Here is what I do to make the most money for my items on eBay:
- Use the 10 day auction. For only $0.20 more, it’s worth it to give buyers a few more days to bid on your auction.
- Start the auction at $0.01. Starting low means you’ll get more bids as initial bidders nickel and dime the auction up to a reasonable starting amount. An auction with more bids appears exciting and attracts more visits. Do not worry about the final price: if your item is really worth anything, and you described it well, it will garner a fair price by auction close. Only use a higher starting price if your item is truly one of a kind, prospective buyers are rare, and final selling prices on prior auctions are inconsistent. (Chances are exceedingly high that nothing sold by a reader of this blog is “one of a kind.”) A preferable alternative to a high starting price is a reserve price. What this means is that if the final auction value does not meet or exceed the reserve price, the auction is not binding.
- Only charge actual shipping costs. Sellers who pad shipping expenses are dishonest. Furthermore, buyers will gravitate towards sellers who have cheap shipping. (If you don’t believe that, consider that Amazon.com does not charge shipping on orders above $25. What effect does that have on their sales?) Charge only what it costs to ship the item, and do not charge any “handling” costs unless this item’s shipping procedure is unusual. Provide shipping materials gratis. (This requires prior planning on your part: grab discarded boxes from work, save packing materials, buy when the are on sale, etc.) eBay has a handy feature where if you provide the dimensions and weight of the item beforehand, buyers can see the exact cost to ship the item to their door. This leads me to…
- Package the item beforehand. First, this gives you an opportunity to weigh the item. That way you can really know what it will cost to mail the item. Packaging adds weight; I’ve lost money on more than one auction when I failed to consider this. Second, what happens if you sell the item, receive payment, need to ship it the next day, but have no packaging? You have to make an expensive trip to the local office supply place and purchase packaging at full retail. What a great way to eliminate your profits! Had you prepared in advance, you may have been able to acquire boxes and packaging for free or cheap.
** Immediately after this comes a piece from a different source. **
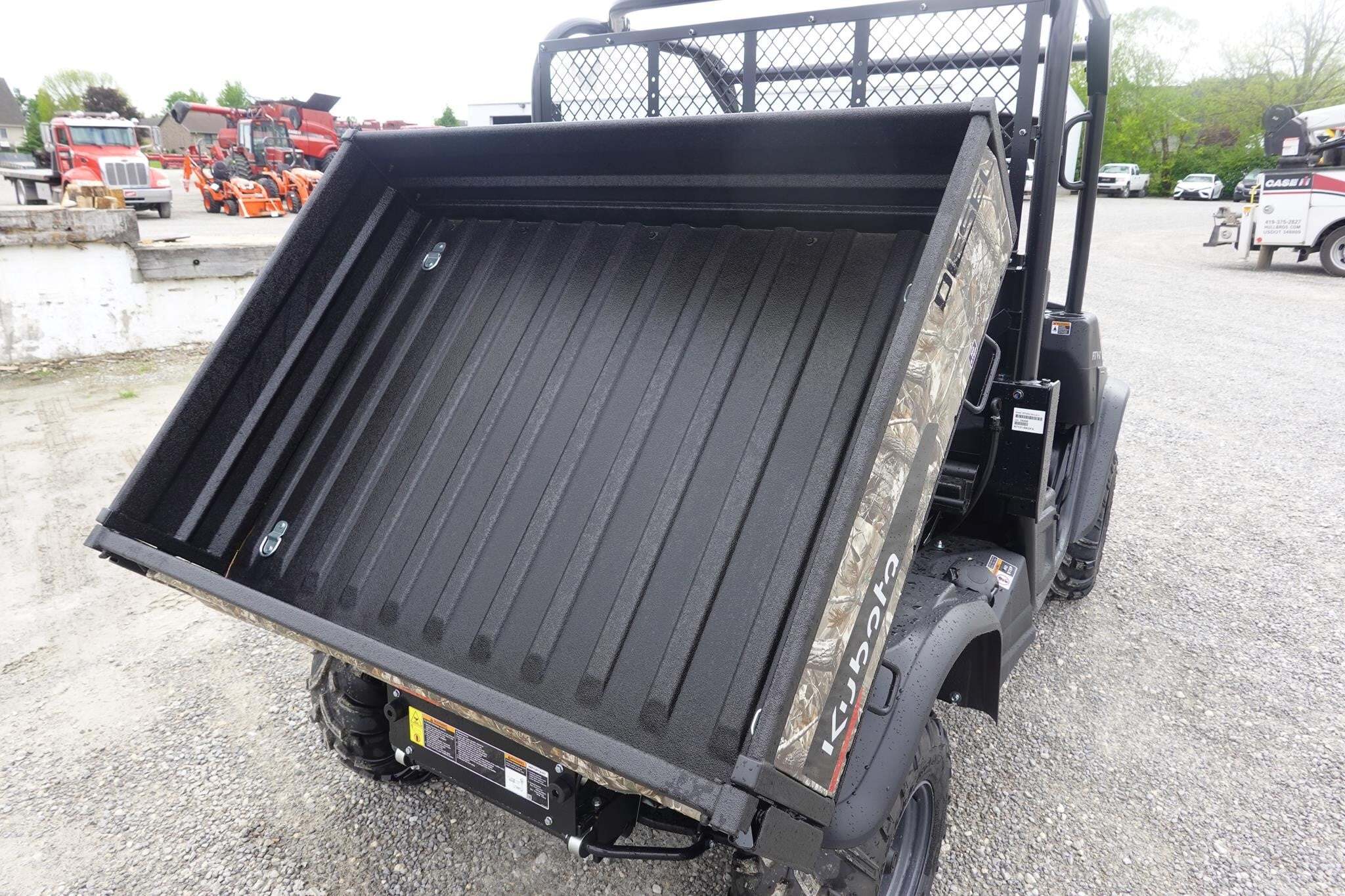  Kubota RTV-X ATVs and Utility Vehicle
- Give a detailed, concise, and straightforward description. List all technical details about the item, accurately describe its condition, and be honest and open about defects. Do not use lots of fonts, colors, graphics, or other distracting junk. Keep the auction plain and readable. Your item will sell itself if you described it accurately.
- Do not be a used car salesman. Do not pad your description with chintzy text, graphics, or other crap. For example, “one of a kind,” “extra special,” “can’t miss,” etc. Give me a break. Do you want to make yourself look like a used car salesman?
- Lots and lots of good pictures. Include many detailed photos. Give close-ups of problem spots and good spots. Do not use fuzzy shots or ambiguous shots (for example, poor lighting that prevents the user from seeing the item properly). I can’t tell you how many car listings I have seen that probably would have gotten higher final auction values if the photos weren’t horrible. If you screwed up the shot, 1. get off your lazy ass and retake it, and 2. learn how not to make the same mistake in the future.
- Have a good feedback rating. I recommend a rating of at least 15 positives with no neutrals or negatives. Otherwise you will have a puny track record. Sellers with minimal, zero, or negative feedback often get horrible final auction values. You may need to make some purchases to get positive feedback.
- Be honest, be honest, be honest. Dishonesty will hurt your feedback rating, and long-term it will just cause more headaches than it’s worth. Don’t be like eDrop of Wichita (additional link).
- Use PayPal. PayPal has steep fees, but it’s much easier for buyers to pay you if you use PayPal. Look at it this way: if you didn’t use PayPal and eBay, would you have been able to sell the item in the first place? And if you were able to sell the item (probably at a garage sale), would you have gotten this much?
With these tactics, I have had many surprisingly lucrative auctions. I’ve sold a broken Holley carburetor for $150 (the problem was accurately described), a Testors model for $80, and two new PDAs at a slight profit.